- _Task goal_: Would you please transcribe, exactly as written, the lines of the entries below starting at the one that holds "Cactus Makes Perfect Posters and Art" and ending at the one that holds "Lol would you", both included?

- _Data for this exercise_:
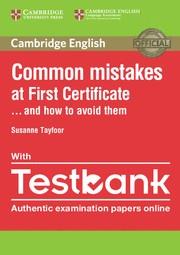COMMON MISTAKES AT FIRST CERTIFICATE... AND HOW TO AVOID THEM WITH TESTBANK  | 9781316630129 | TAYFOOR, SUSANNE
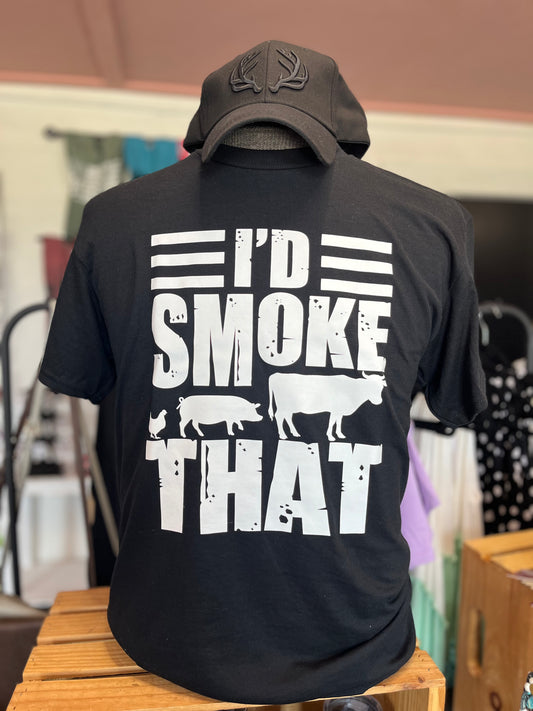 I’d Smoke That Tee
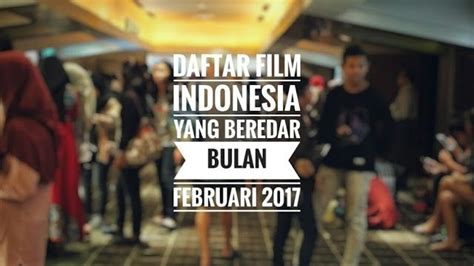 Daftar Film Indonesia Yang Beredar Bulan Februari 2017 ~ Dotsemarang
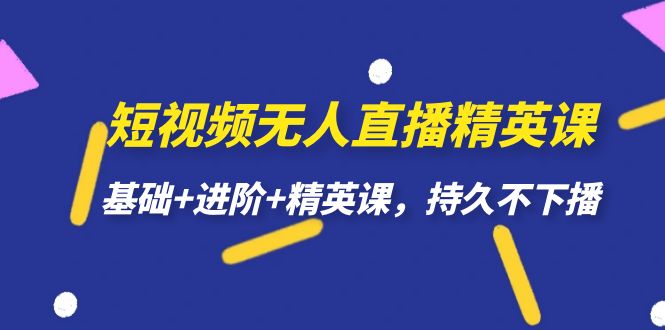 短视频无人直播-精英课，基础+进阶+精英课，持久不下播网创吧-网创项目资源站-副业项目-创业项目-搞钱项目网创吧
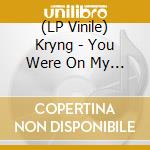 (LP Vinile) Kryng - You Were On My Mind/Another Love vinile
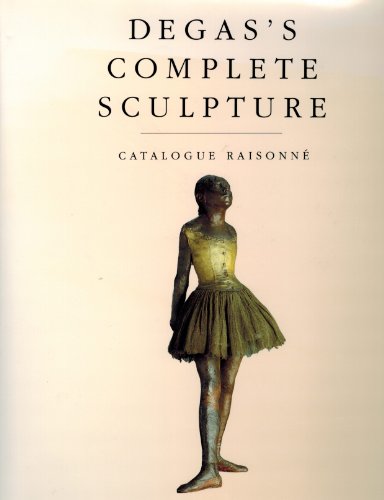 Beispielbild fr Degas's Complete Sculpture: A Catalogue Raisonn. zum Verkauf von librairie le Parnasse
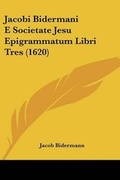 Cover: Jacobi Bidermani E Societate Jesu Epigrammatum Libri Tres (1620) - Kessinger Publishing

--

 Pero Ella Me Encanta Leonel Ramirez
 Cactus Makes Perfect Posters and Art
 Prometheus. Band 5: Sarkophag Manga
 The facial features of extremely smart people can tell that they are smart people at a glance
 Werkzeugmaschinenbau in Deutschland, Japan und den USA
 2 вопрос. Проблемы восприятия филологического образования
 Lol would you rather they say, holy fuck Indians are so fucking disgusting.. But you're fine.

==

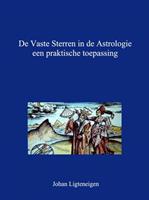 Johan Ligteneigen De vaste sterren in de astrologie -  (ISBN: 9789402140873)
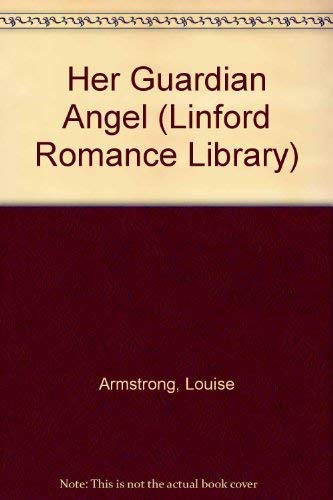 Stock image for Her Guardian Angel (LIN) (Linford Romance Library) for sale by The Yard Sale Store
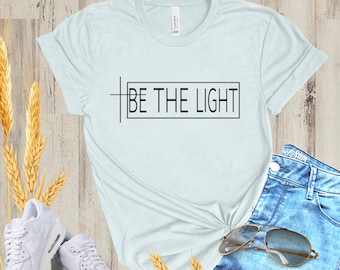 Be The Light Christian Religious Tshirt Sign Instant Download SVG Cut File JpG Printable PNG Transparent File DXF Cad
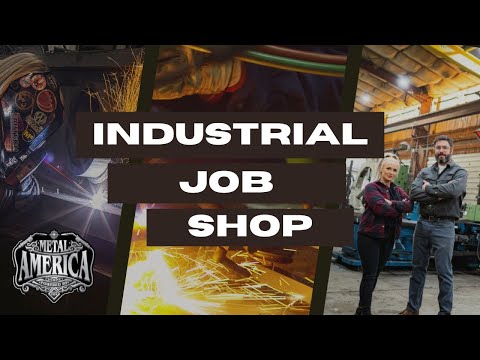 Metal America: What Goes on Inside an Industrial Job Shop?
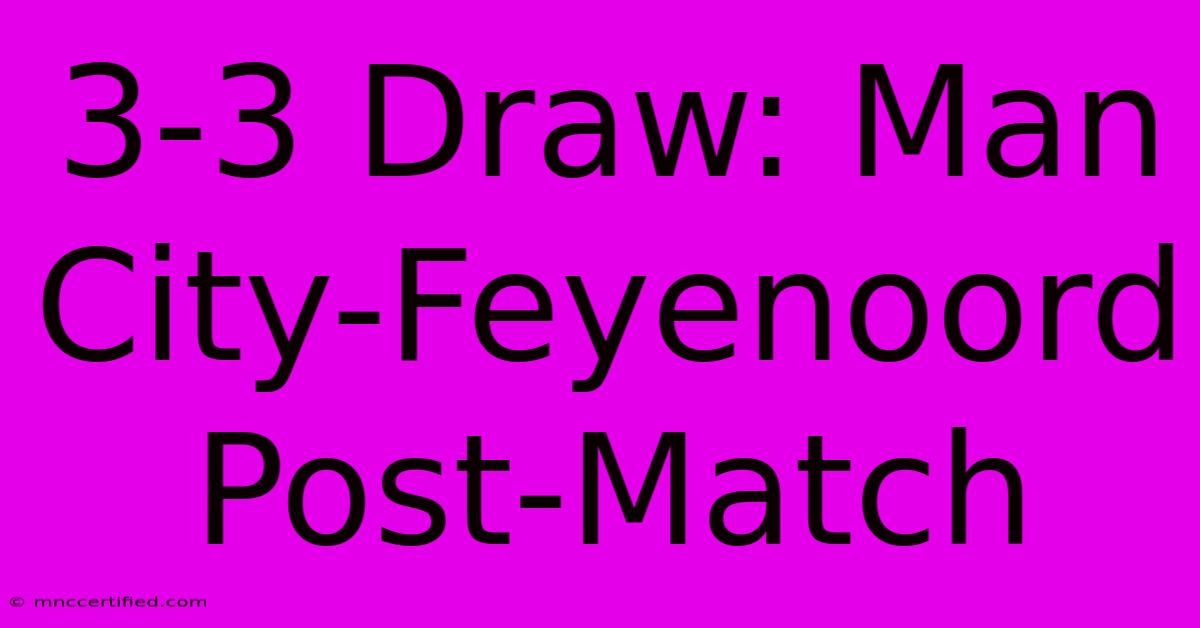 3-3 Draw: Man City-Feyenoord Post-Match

- _Expected output_:
 Cactus Makes Perfect Posters and Art
 Prometheus. Band 5: Sarkophag Manga
 The facial features of extremely smart people can tell that they are smart people at a glance
 Werkzeugmaschinenbau in Deutschland, Japan und den USA
 2 вопрос. Проблемы восприятия филологического образования
 Lol would you rather they say, holy fuck Indians are so fucking disgusting.. But you're fine.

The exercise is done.